- Chinese: 童道明

Standard Mandarin
- Hanyu Pinyin: Tóng Dàomíng
- IPA: [tʰʊ̌ŋ tâʊ.mǐŋ]

= Tong Daoming =

Chinese literary scholar, translator, and playwright (1937–2019)

Tong Daoming (童道明; 1937 – 27 June 2019) was a Chinese literary scholar, translator, and playwright, known for his research and translation of the works of the Russian playwright Anton Chekhov. He wrote 13 plays and won the Golden Lion Award, China's highest honour in drama, in 2012.

== Life and career ==
Tong was born in 1937 in Jiangyin, Jiangsu, Republic of China. In 1956, he went to the Soviet Union to study language and literature at Moscow State University. His thesis, On the Symbol of Realism in Chekhov’s Theatre, was highly praised by his advisor, and Chekhov became his main research interest from then on.
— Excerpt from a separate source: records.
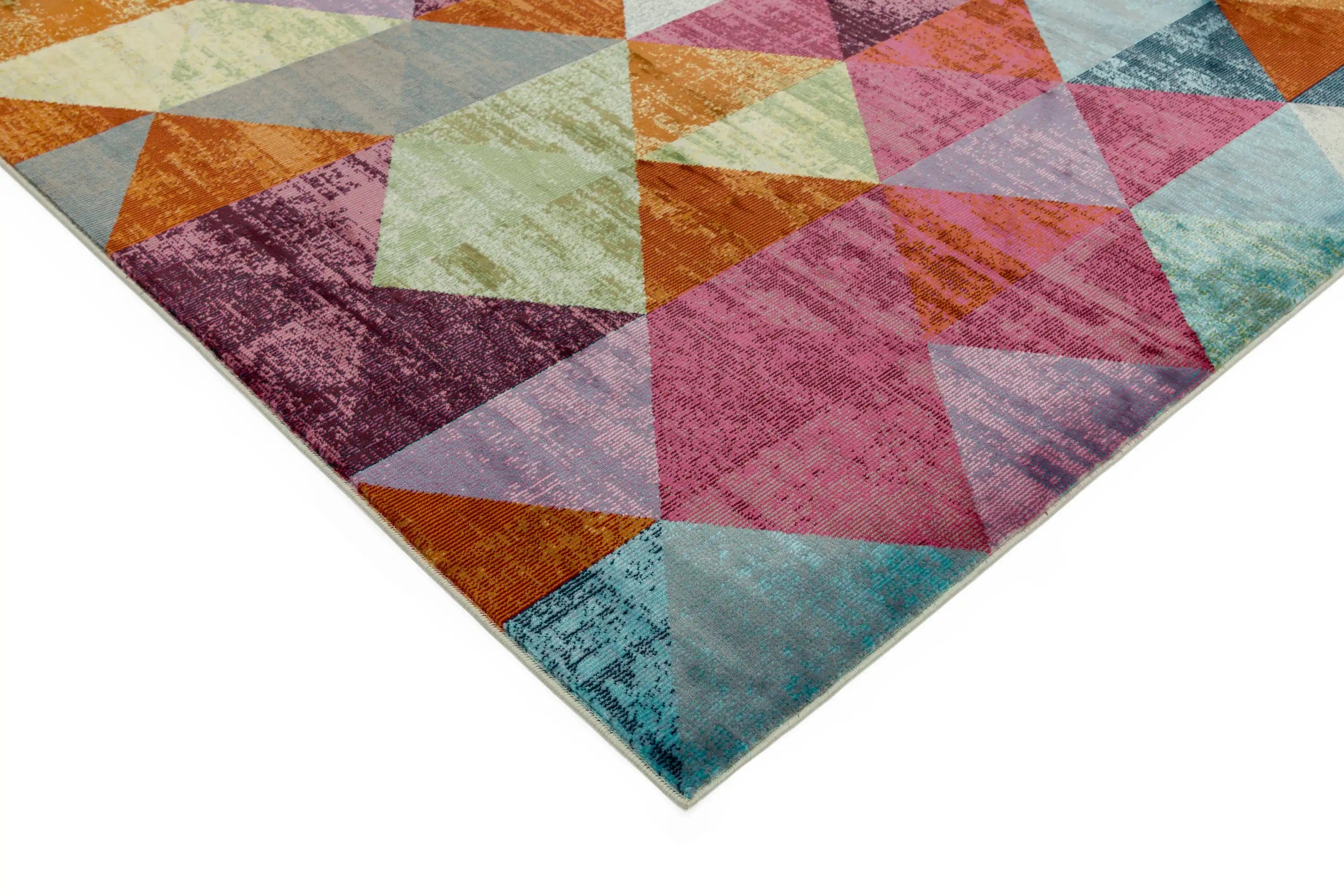 Amelie AM08 Harlequin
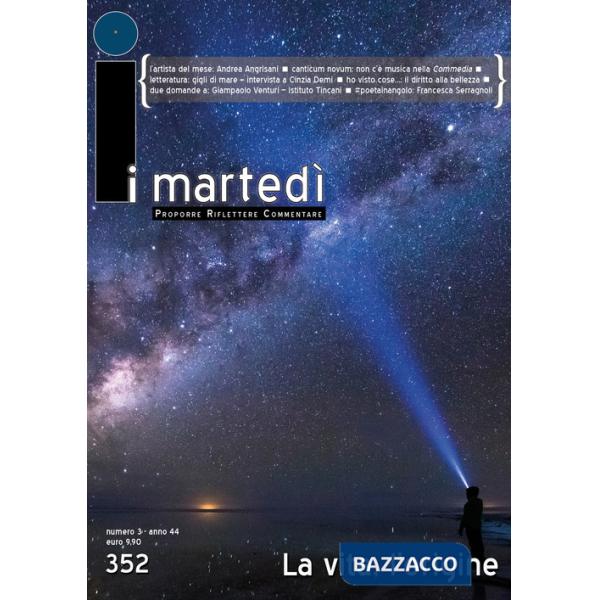 Martedì di San Domenico (I). Vol. 352: La vita, l'origine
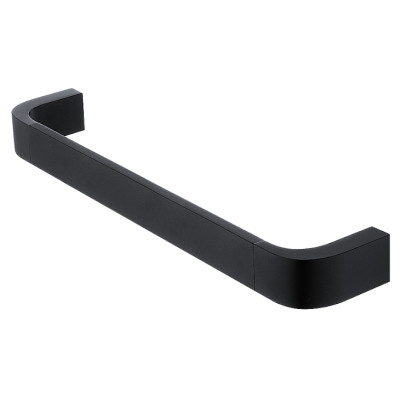 Törölközőtartó NIMCO NIKAU BLACK NKC 30035-90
In 1962, Tong published on the Wenhui Bao China's first published analysis of the works of German playwright Bertolt Brecht. From 1963, he worked at the Institute of Foreign Literature at the Chinese Academy of Sciences (later Chinese Academy of Social Sciences). He translated many of Chekhov's works into Chinese, including The Seagull, The Cherry Orchard, Uncle Vanya, and Platonov, and published critical analyses on them. Recognized as China's top authority on Chekhov, he was awarded a special pension by the State Council of the People's Republic of China.

In 1996, to celebrate the centenary of the publication of The Seagull, Tong wrote his first play I Am the Seagull (我是海鸥). To celebrate the 100th birthday of Feng Zhi, another author Tong admired, he wrote his second play Face Mold of a Girl by the Seine River (塞纳河少女的面模) in 2005. In 2012, he won the Golden Lion Award, China's highest honour in drama, together with Mo Yan and He Jiping. In 2016, his play Three Drops of Water, a tribute to Victor Rozov's Four Drops of Water, was well received at the 7th Beijing Nanluoguxiang Performing Arts Festival.

Tong wrote 103 dramas in total. A major characteristic of his plays is the lack of antagonists, which Tong attributed to the influence of Chekhov.

== Death ==
On 25 June 2019, Tong fell ill and was hospitalized at the China-Japan Friendship Hospital in Beijing. He died two days later at the age of 82.